UPDATE: An appeals court has unfrozen the accounts.

Khalilzad, who is is a counselor at the Center for Strategic and International Studies (CSIS) and an independent businessman, is married to US-Austrian citizen and social scientist Cheryl Benard, who completed her university studies in Vienna.  

From 2003-2009, Khalilzad was U.S. ambassador to Afghanistan, Iraq and the United Nations, and was responsible for advising Donald Rumsfeld and Condoleezaa Rice on near-eastern regional affairs.

The Austrian news magazine profile will on Monday reveal that Khalilzad allegedly laundered up to €1.15 million (US$1,49 million) of funds supposedly arising from trading with Iraqi and United Arab Emirates companies through the Vienna-based bank accounts of his wife.  


Zalmay Khalilzad in 2008.  Photo: Monika Flueckiger/World Economic Forum

The accounts were frozen by the Austrian government in February of this year, and the court actions relate to an appeal by Benard against the freeze. The source of information appears to have come from a recent embarrassing leak of documents from the Vienna court. 
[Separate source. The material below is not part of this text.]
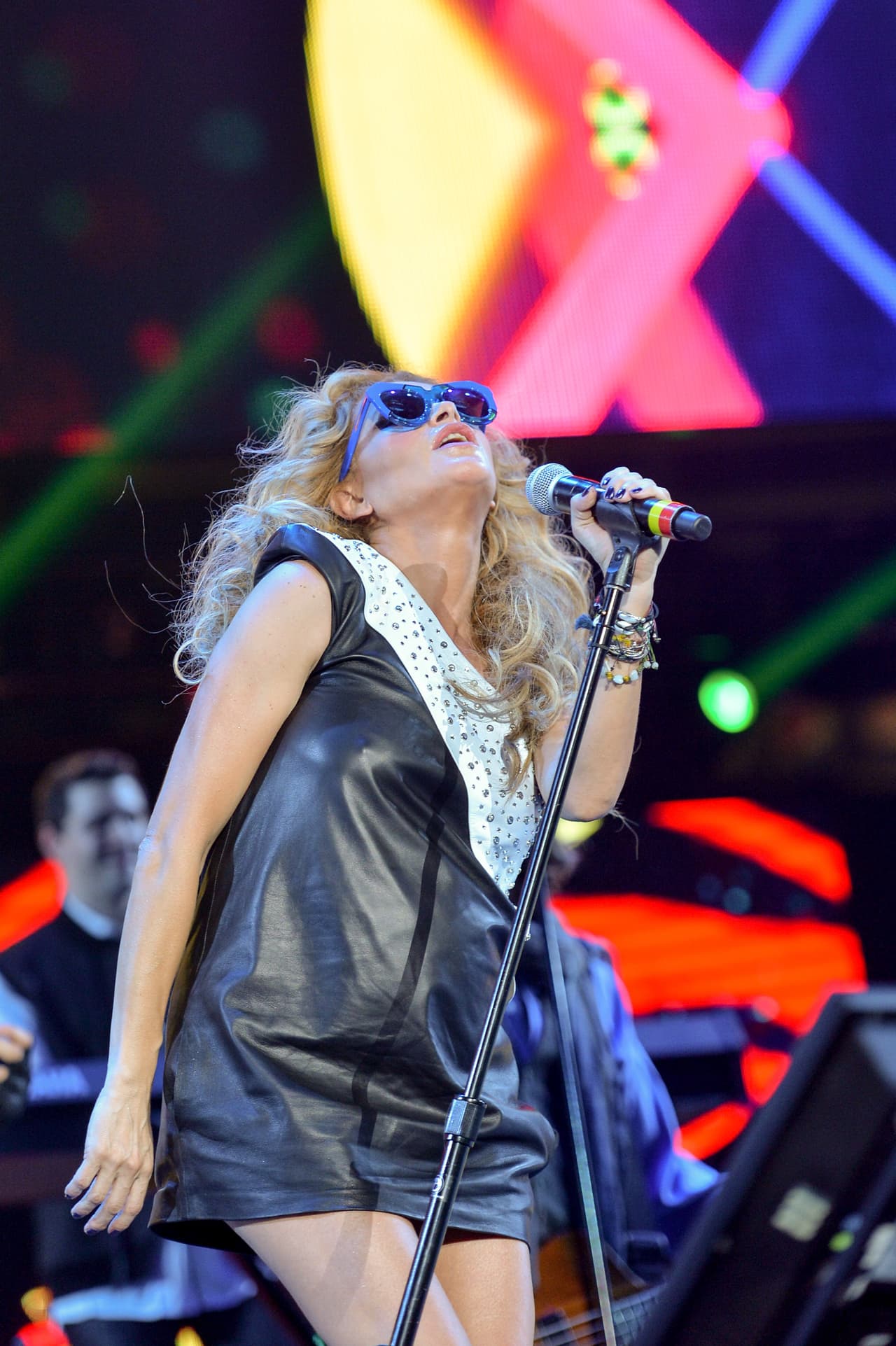 Y aunque lo confirmó a una publicación, por esos días salió al escenario a cantar y mostró lo crecidita que ahora está su pancita.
Benard's Austrian lawyer told profil that U.S. authorities had "no concrete suspicions until today".  The Higher Regional Court of Vienna will soon make a decision on the appeal process.

Vow to fight

Khalilzad on Monday vowed to fight a decision by Austrian authorities to freeze bank accounts belonging to his wife.

Lawyers for Zalmay Khalilzad said in a statement that the diplomat and his wife, Cheryl Benard, were "vigorously contesting" the actions by Austrian prosecutors.

"No charges have been brought anywhere in the world, including the United States and Austria, against Ambassador Khalilzad or Ms. Benard," lawyers Robert Buehler and Holger Bielesz said in response to reports in Austria.

The attorneys said that "for reasons that remain unclear" an Austrian prosecutor had frozen Benard's accounts after receiving a request for information from the US Justice Department.

The attorneys said the Justice Department request had not sought seizure of assets or accounts belonging to Khalilzad and his wife.

"The (request for information) does not contain evidence of money laundering or other offenses on the part of Ambassador Khalilzad or Ms. Benard."

"An appeal against the seizure in the Austrian courts by Ms. Benard as the holder of the accounts is pending," the statement added.

"As there are no charges pending against them in the US or elsewhere, Ambassador Khalilzad and Ms. Benard are focusing their efforts on unfreezing the funds in Austria."

Portions of this story were contributed by Agence France-Presse.